Whatever Schiff knew of Mueller’s mental state, America quickly caught on once the special counsel had to answer difficult questions.


So Schiff had a plan to mitigate the damage: Make sure the questions weren’t difficult.

“As Mueller testified in the morning before the Judiciary Committee, Schiff writes that Intelligence Committee Democrats overhauled their strategy for Mueller’s second session with them in the afternoon. ‘No questions calling for a narrative answer,’ Schiff said he told the committee. ‘No multipart questions. If you think your question may be too long, it is. Cut it down.'”

Mueller is a former FBI director and the man charged with unraveling what Democrats wholeheartedly believed to be a conspiracy between the sitting president and a country that’s arguably the silver medal winner in the U.S. geopolitical adversary Olympics. (It depends on how testy Kim Jong Un is being or whether he’s down with the gout again.)

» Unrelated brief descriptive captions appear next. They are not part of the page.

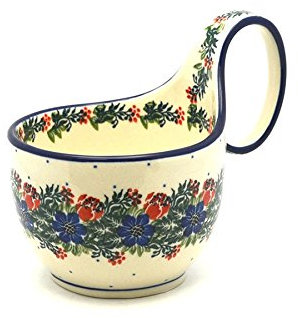 Polish Pottery Soup Bowl with Loop Handle - Garden Party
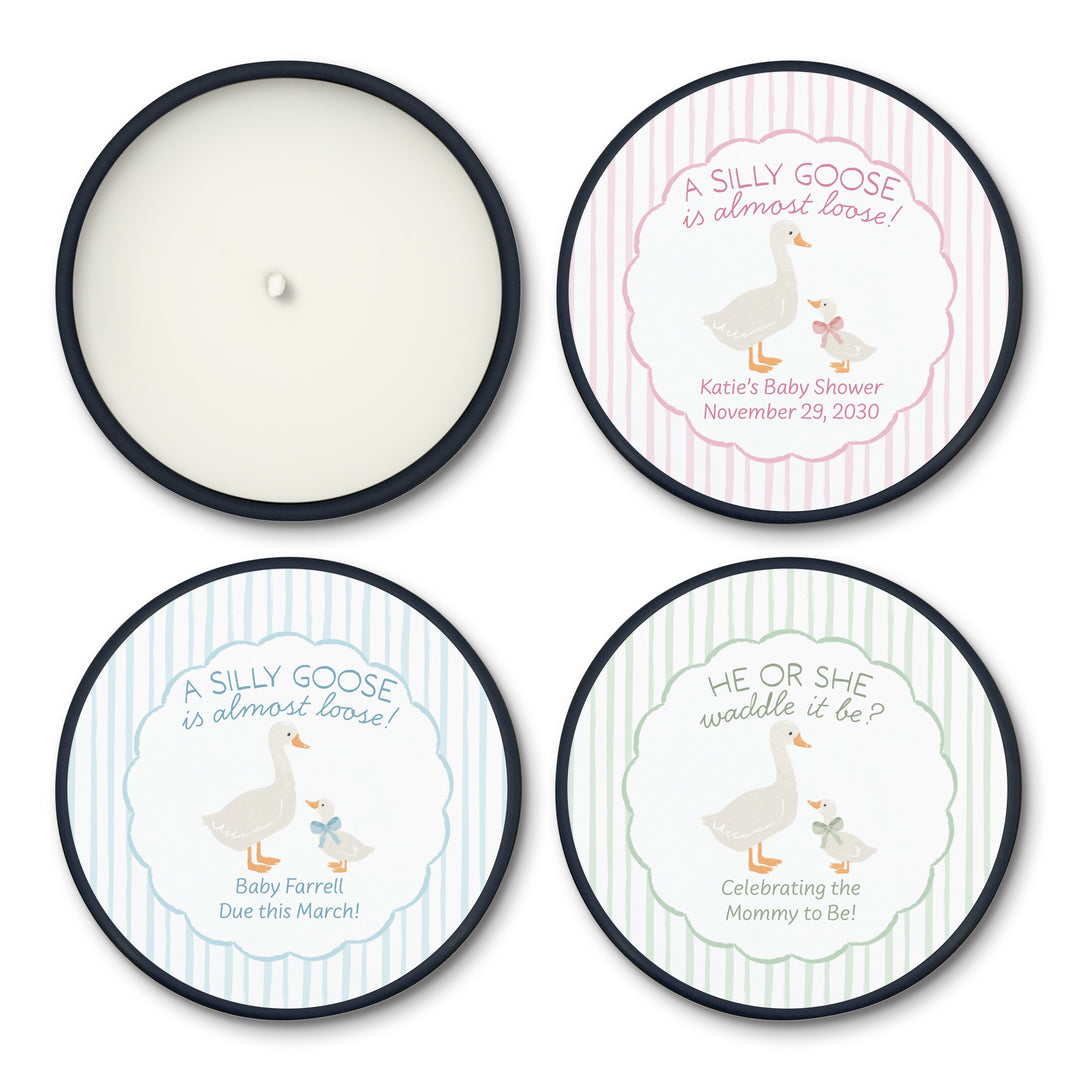 A Silly Goose is Almost Loose, Baby Shower Candle Favors, 2oz Mini Lavender Candles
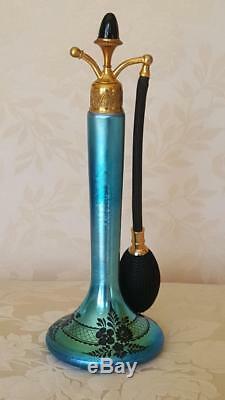 DeVilbiss 1920's Steuben with Hawks Cut Blue Aurene Glass Perfume Atomizer Bottle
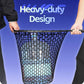 Black mesh landing net held open with long handle and secure rim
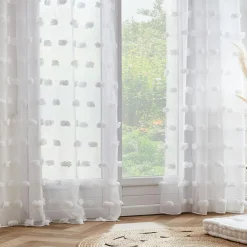 Voilage|EMINZA Voilage oeillets pompons (140 x 280 cm) Suzie Blanc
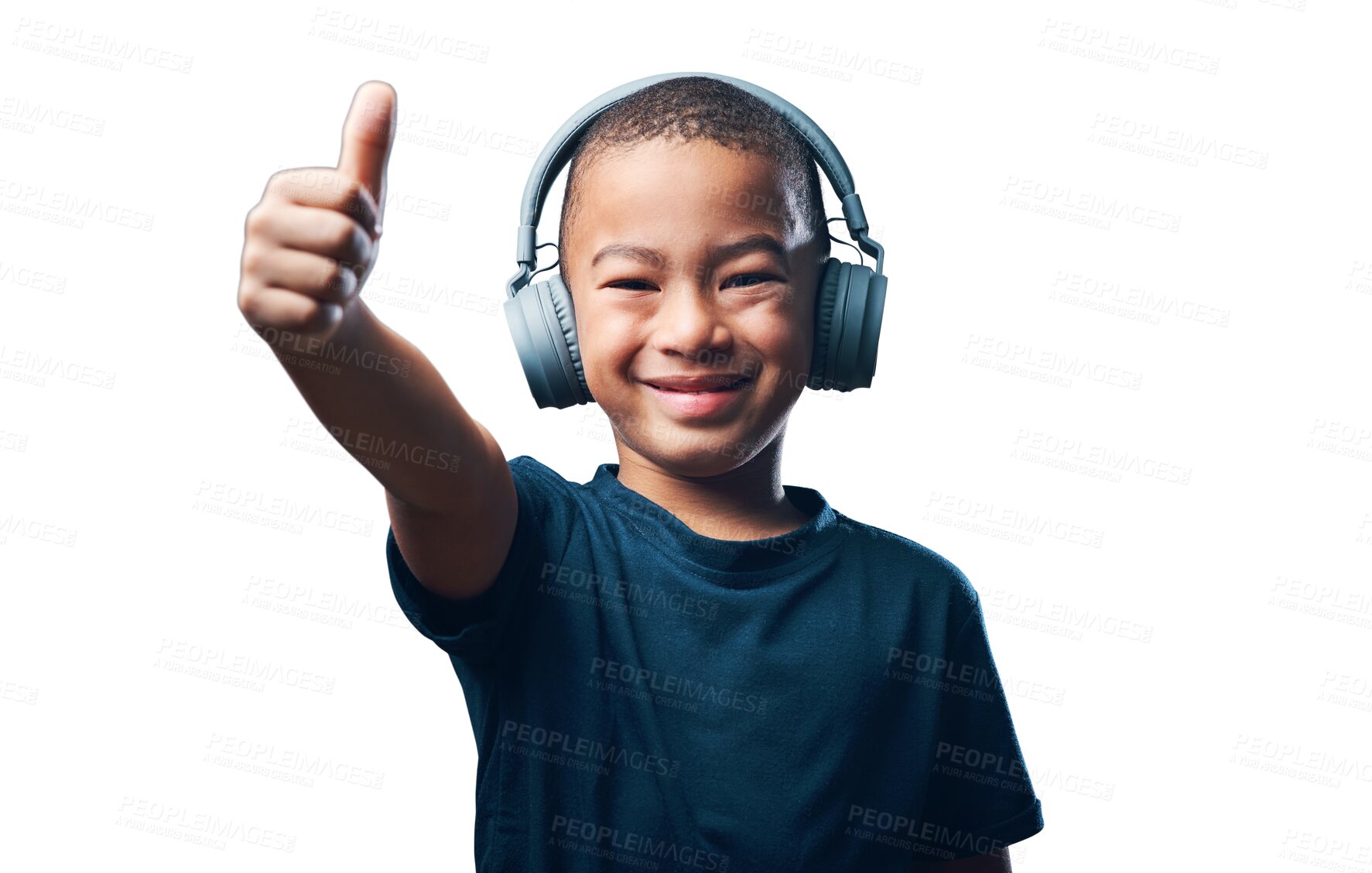 Buy stock photo Thumbs up, headphones and child portrait listening to music, radio or streaming service with like, subscribe or thanks sign. Yes and okay hand of boy with audio isolated on transparent png background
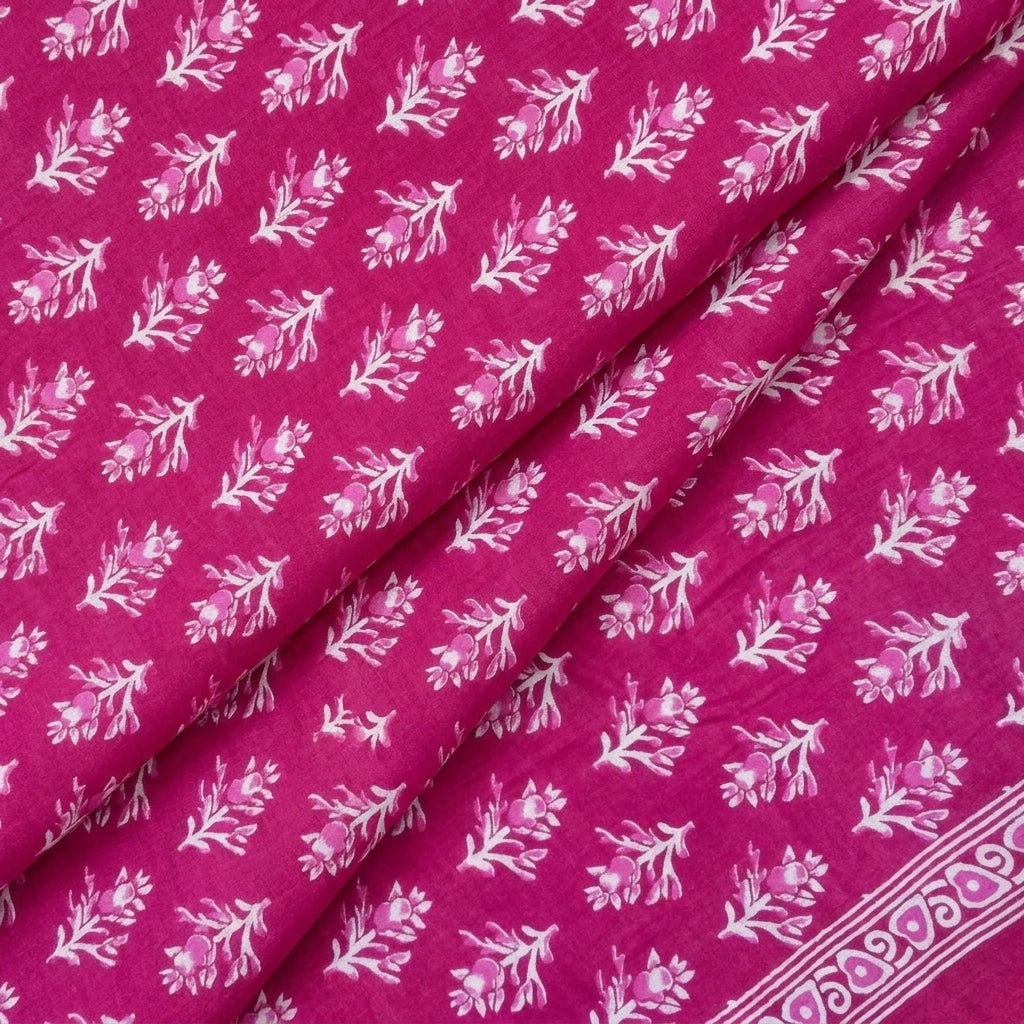 Folded Floral Pink Floral Cotton Fabric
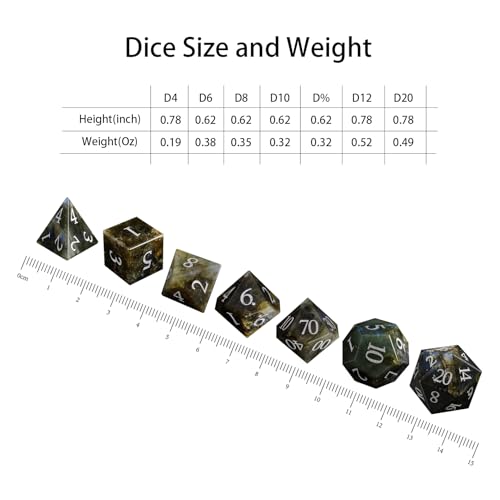LUCKY-M Labradorite Gemstone DND Dice Set, 7 PCS Dungeons and Dragons Dice with Case for RPG, Unique Stone Dice Set D&D D4 D6 D8 D10 D00 D12 D20(LD-Silver) - color: Ld-silver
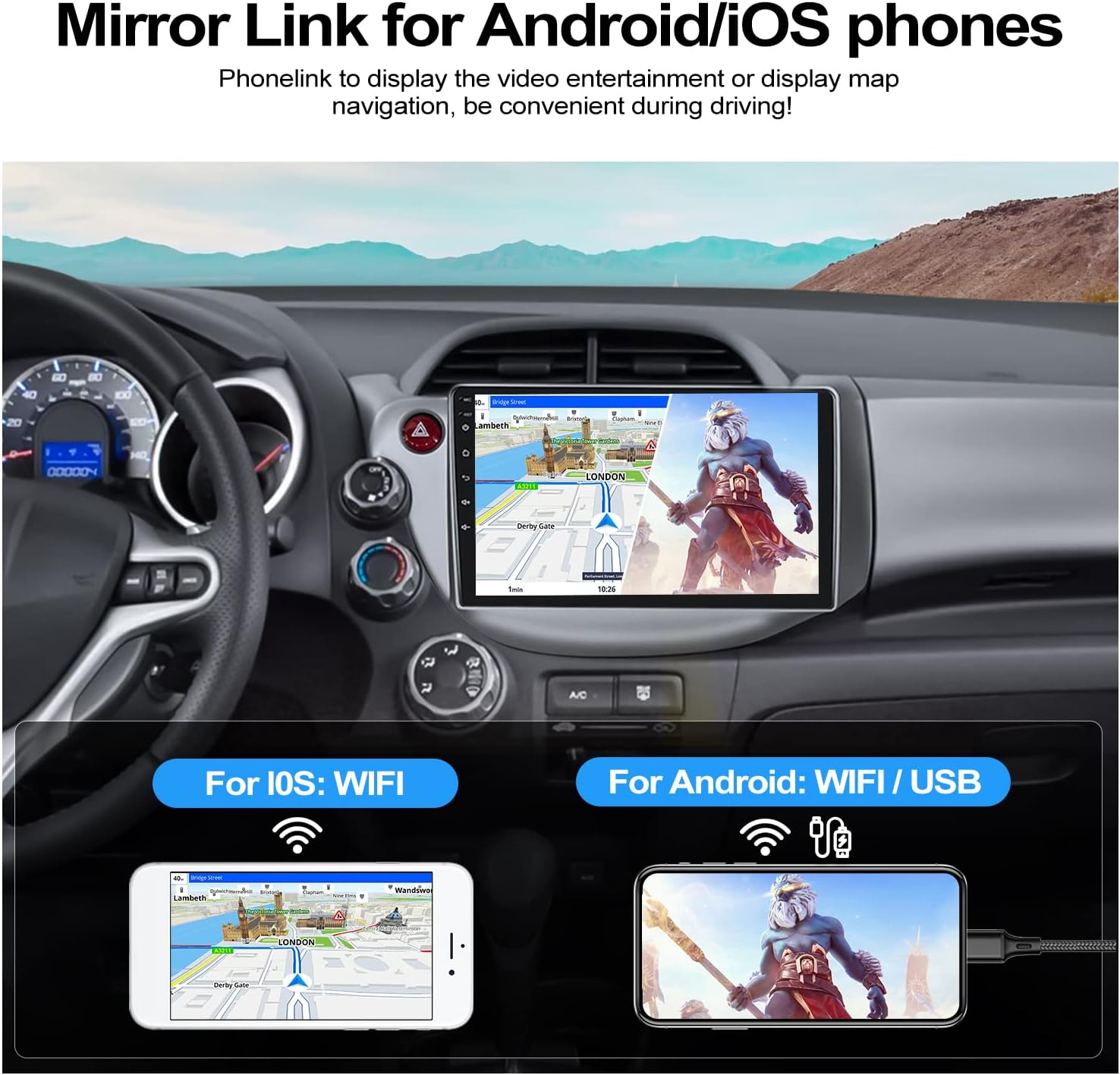 unitopsci android car stereo for honda fit jazz 2008 2013 in dash gps navigation 10 1 inch touchscreen bluetooth car radio fmwifimirror link car mul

Nearest we could tell from his testimony, Mueller couldn’t follow a train of thought without repeatedly consulting a railway timetable. While that fogginess may not have been evident when Mueller took the job, by the climax of the whole affair Schiff was asking his fellow Democrats not to confuse gramps.

The subtitle of Schiff’s “Midnight in Washington” is “How We Almost Lost Our Democracy and Still Could.” How ironic.

Was the Trump-Russia collusion theory a hoax?

One way to do that, for instance, is to foment baseless rumors that the president of the United States is in bed (in one case, very literally) with the Russians. Then, appoint a former FBI director as special counsel to investigate those rumors. Make sure the special counsel’s office is stocked with Democratic apparatchiks, too. No need to check that he’s entirely compos mentis, either.

Next, when his report can’t turn up any conclusive evidence of Russian collusion, have him testify before Congress. When he comes across as an already dim linebacker with a bad concussion, formulate conspiracy theories as to what happened. For example, you could have Rep. Ted Lieu of California tell reporters, “I don’t know who got to him. I don’t know who talked to him, but that was very odd.”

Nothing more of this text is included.